Spostandoci nel foggiano, a S. Severo, troviamo una settimana santa piena di riti: il primo avviene il giovedì Santo, in cui vengono visitati 7 Sepolcri. Il venerdì Santo, 3 processioni partono da tre diverse chiese: Pietà, Trinità e S. Agostino. Il culmine viene raggiunto nella stessa mattinata, quando nella piazza della città le statue raffiguranti Maria e Cristo provano ad abbracciarsi, ma l’abbraccio è impedito da una croce di legno.
Altra caratteristica importante dei riti Pasquali pugliesi è la loro incredibile somiglianza con i riti della settimana santa tenuti in Spagna: la spiegazione di tale fenomeno è fornita in maniera impeccabile dal sociologo Roberto Cipriani, professore di Sociologia presso l’università di Roma 3, nel corso di una Lectio Magistralis tenutasi sabato scorso presso la Chiesa del Purgatorio di Cerignola (Fg).
Secondo il sociologo, tali somiglianze vanno attribuite alla dominazione spagnola, da attestare attorno al secolo IX e protrattasi in maniera non del tutto continua sino al secolo XVIII, per poi riprendere nel corso dell’Ottocento. Una tale dominazione ha contaminato usi, tradizioni e lingua, creando punti di contatto tra due culture geograficamente lontane. Cipriani si scaglia contro gli ecclesiastici che non approvano lo svolgimento dei riti, tesi a riprodurre gli spostamenti di Cristo; perché farlo se egli è già risorto?
Secondo Cipriani, tale atemporalità è presente anche nell’arte: ad esempio, l’incisore Albrecht Durer rappresenta nella sua serie di xilografie “Ecce Homo” con le piaghe, nonostante egli non sia ancora morto; per cui, è lecito che i riti manchino di temporalità, essendo la sua mancanza accettata nel mondo dell’arte.

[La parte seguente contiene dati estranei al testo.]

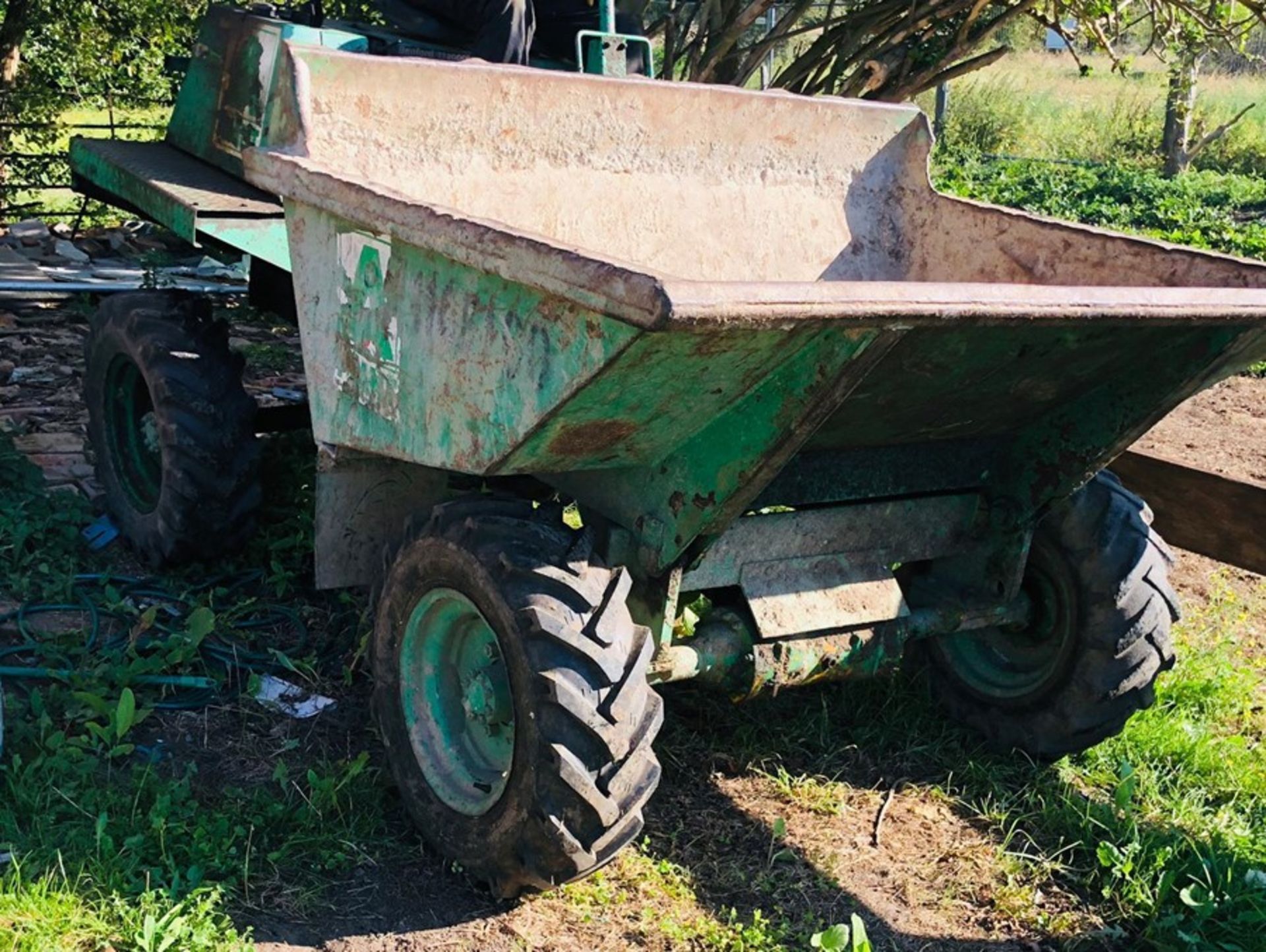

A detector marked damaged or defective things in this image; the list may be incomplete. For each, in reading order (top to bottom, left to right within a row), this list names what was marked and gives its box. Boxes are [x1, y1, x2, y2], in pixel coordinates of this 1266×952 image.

Gli stessi riti, non rispettano i tempi delle sacre scritture: i giorni e gli orari in cui si tengono, ad esempio, sono mutati negli anni.
La lezione del professor Cipriani si incentra anche attorno alla figura del Cristorosso, l’uomo che porta la croce, più pesante per lo più, e che si trova in testa alla processione; la sua presenza è fondamentale: egli rappresenta il cristo che sofferente, ciondolante, trasporta la croce verso il luogo della crocifissione. La sua importanza si evince dal colore della tunica indossata, ossia il rosso, colore riservato per la firma, ai soli imperatori.
Ma il rosso è anche il colore del sangue, che rimanda alla morte e al dolore, e dei papaveri, che fioriscono durante la primavera, la stagione che rappresenta la nascita, nonché il periodo dell’anno in cui di solito cade la Pasqua: tutto è irrimediabilmente legato al tema centrale della Pasqua cristiana, ossia la Risurrezione. Attraverso video e testimonianze il professore ripercorre la storia dei riti, notando anche gli elementi immutati nel tempo, tra cui il Cristorosso, figura storica che sopravvive nel tempo.